Saturday, October 3, 2020

What I Have Gained...

 A comment from an atheist friend really struck me; they referred to a "pretend god" and "wishful thinking" as they mentioned faith. I didn't confront them about their thoughts (we've had that conversation before), but it really got me thinking. I remember being asked by a non-Christian friend a long time ago, "Don't you see what you're missing?" They meant that my faith was keeping me from having "good" things. At the time, I strongly considered they were right. In fact, that was the beginning of my walk away from God for a couple of decades. Thankfully, God is the one who holds us together, not me. He kept his hold on me through those lost years and pulled me back to Himself over time.

What am I losing by having faith? That's what those unbelieving friends are focused on. I was losing out on having fun, on rational thought, on reality! The trap of "missing out" has led many young Christians astray, like it did me. 

Today, when I think about what I'm losing through my faith, different things come to mind. Through faith, I have lost fear, anxiety, aimlessness, anger, unforgiveness, and so much more. I remember when I first started back to church, I felt like an imposter, but God kept urging me to come back. I have gained so very much because I listened to God's call.

Far more important than I have "lost" through my faith in Jesus Christ, is what I have gained. I think the list of fruits of the spirit in Galatians 5:22 is an incredible list of what Christians gain through faith! Indeed, I have gained love beyond all measure. From my husband, from the family that God has created for us, from fellow Christians here in Dulce and elsewhere. 

My joy surpasses all understanding. In the midst of terrible circumstances, I have maintained my Christian joy. Even when I am struggling against the depression which has followed me for most of my life, I feel joy! It's deep and free-flowing in my spirit. 

And peace. There is such peace in my life these days...perhaps I feel it greatly because my life prior to returning to faith was so very anxiety-ridden. God's peace fills my heart and mind; I rarely experience any anxiety or fear anymore. Peace is precious.

I am in great need of patience, kindness, gentleness, and self-control as I raise children in my late 50s. I am a much better parent than I was in my 20s and 30s. I attribute my ability to keep my cool to God's work in my heart. Each day as school begins, I pray for patience, kindness, gentleness, self-control, and wisdom.

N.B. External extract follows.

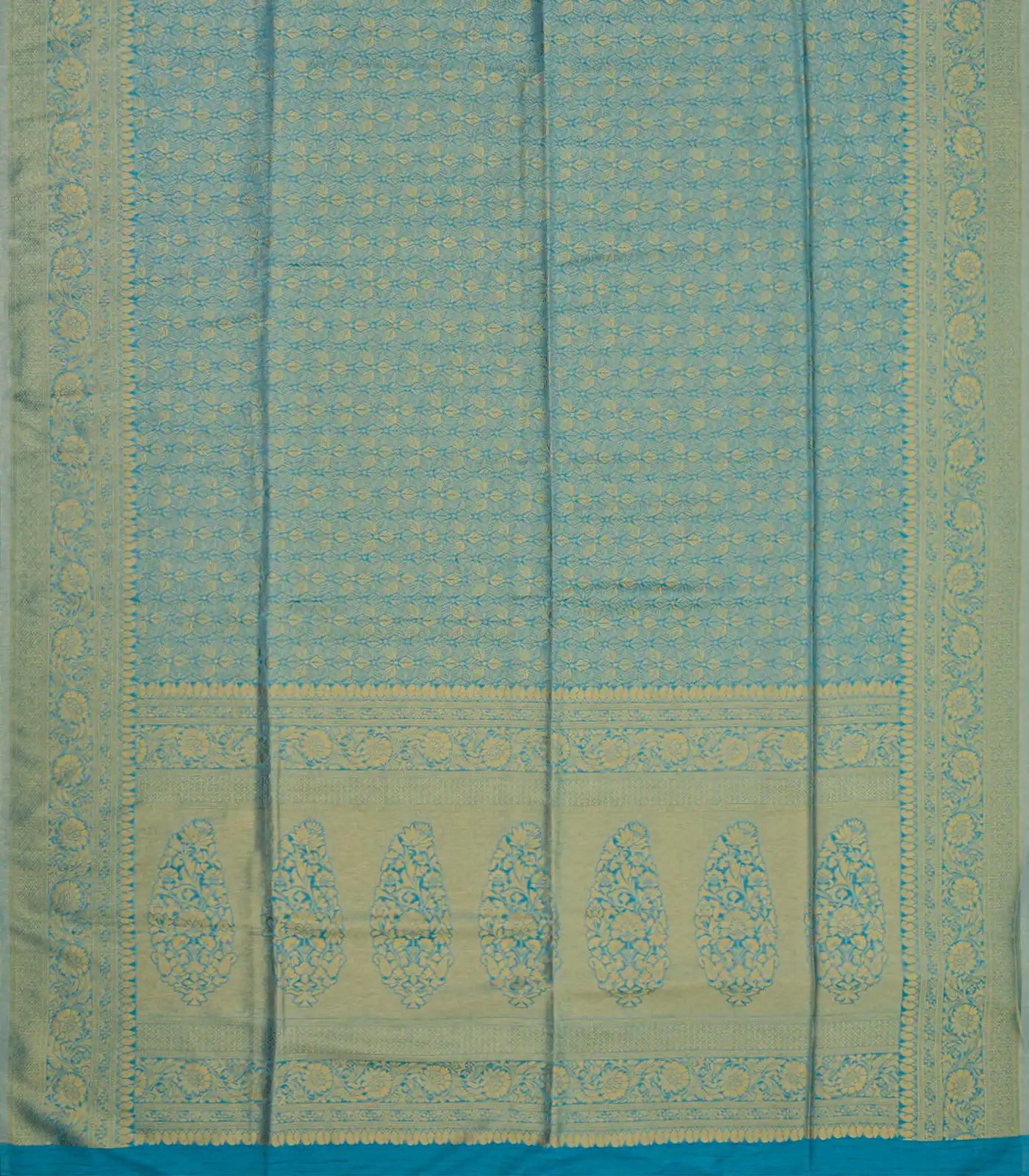 RmKV Blue Woven Art Dupion Saree With Floral Motifs-Blue - view 2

These gifts from God have been consistently mine as I homeschool.

I thank God for the faith he has given me. When I wander, He pulls me back. When I feel weak in my faith, He claims me. I am blessed beyond measure.

I have "lost" nothing through faith. I have gained much! I pray that as you consider your situation in life, you see much gained by faith as well. If you do not have faith, or if you don't see the gain from faith, pray that God would open your eyes and heart to His reality. It is amazing!